Par une méthode de lyophilisation, ces gouttelettes se sont ensuite assemblées en échafaudages poreux avec des structures organisées en couches, rappelant ainsi certains tissus biologiques. Le chercheur compare ce mécanisme à celui de certaines tiques, qui « utilisent une colle qui est faite de gouttelettes liquides » pour se fixer à leur hôte.
Réversibilité prometteuse
« Nos matériaux se dissolvent dans l’eau et retournent à la condition dont ils étaient avant, soulève le scientifique comme fait notable. Ils reforment des gouttelettes, ce qui signifie qu’ils peuvent être recyclés. » Il nuance toutefois que cette propriété ne convient pas à tous les usages. « On ne veut pas fabriquer une bouteille d’eau à partir de ce matériau », fournit-il comme exemple.
Par ailleurs, des tests ont démontré une absence de toxicité pour les cellules humaines, un résultat encore préliminaire qui pourrait mener à des applications en génie tissulaire.

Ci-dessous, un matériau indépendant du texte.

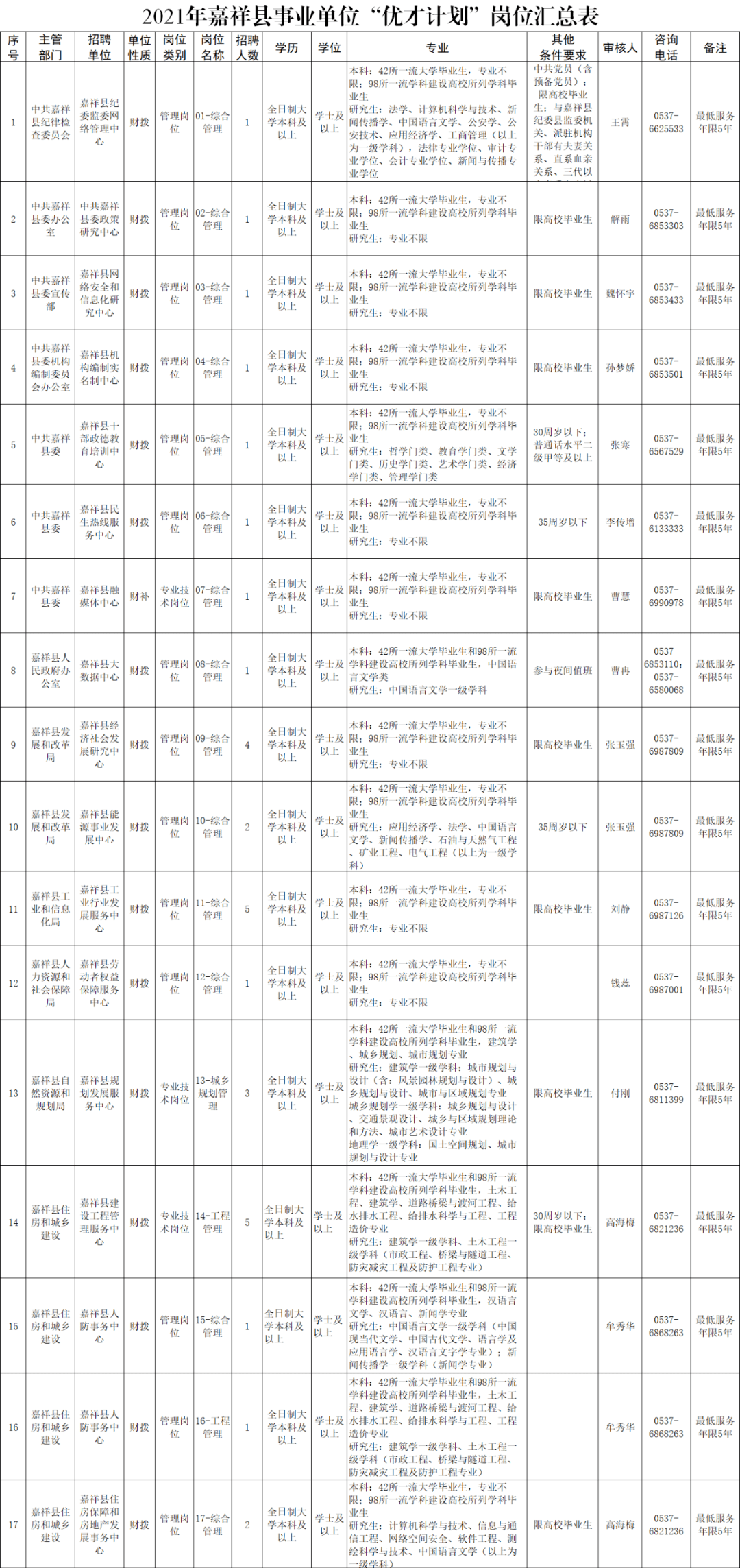 嘉祥县特殊教育事业单位发展规划展望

Encore loin de l’industrialisation
Malgré l’enthousiasme suscité par ces travaux, le chercheur reste prudent quant à une application à grande échelle. « La cellulose est abondante, mais la production de protéines n’est qu’en très petites quantités, prévient-il. Donc, nous sommes très loin d’être en mesure de l’industrialiser. » Selon lui, le principal défi demeure la compréhension même du processus naturel.
L’équipe entend néanmoins poursuivre ses recherches, convaincue que la nature détient encore plusieurs clés pour une fabrication de matériaux plus respectueuse de l’environnement.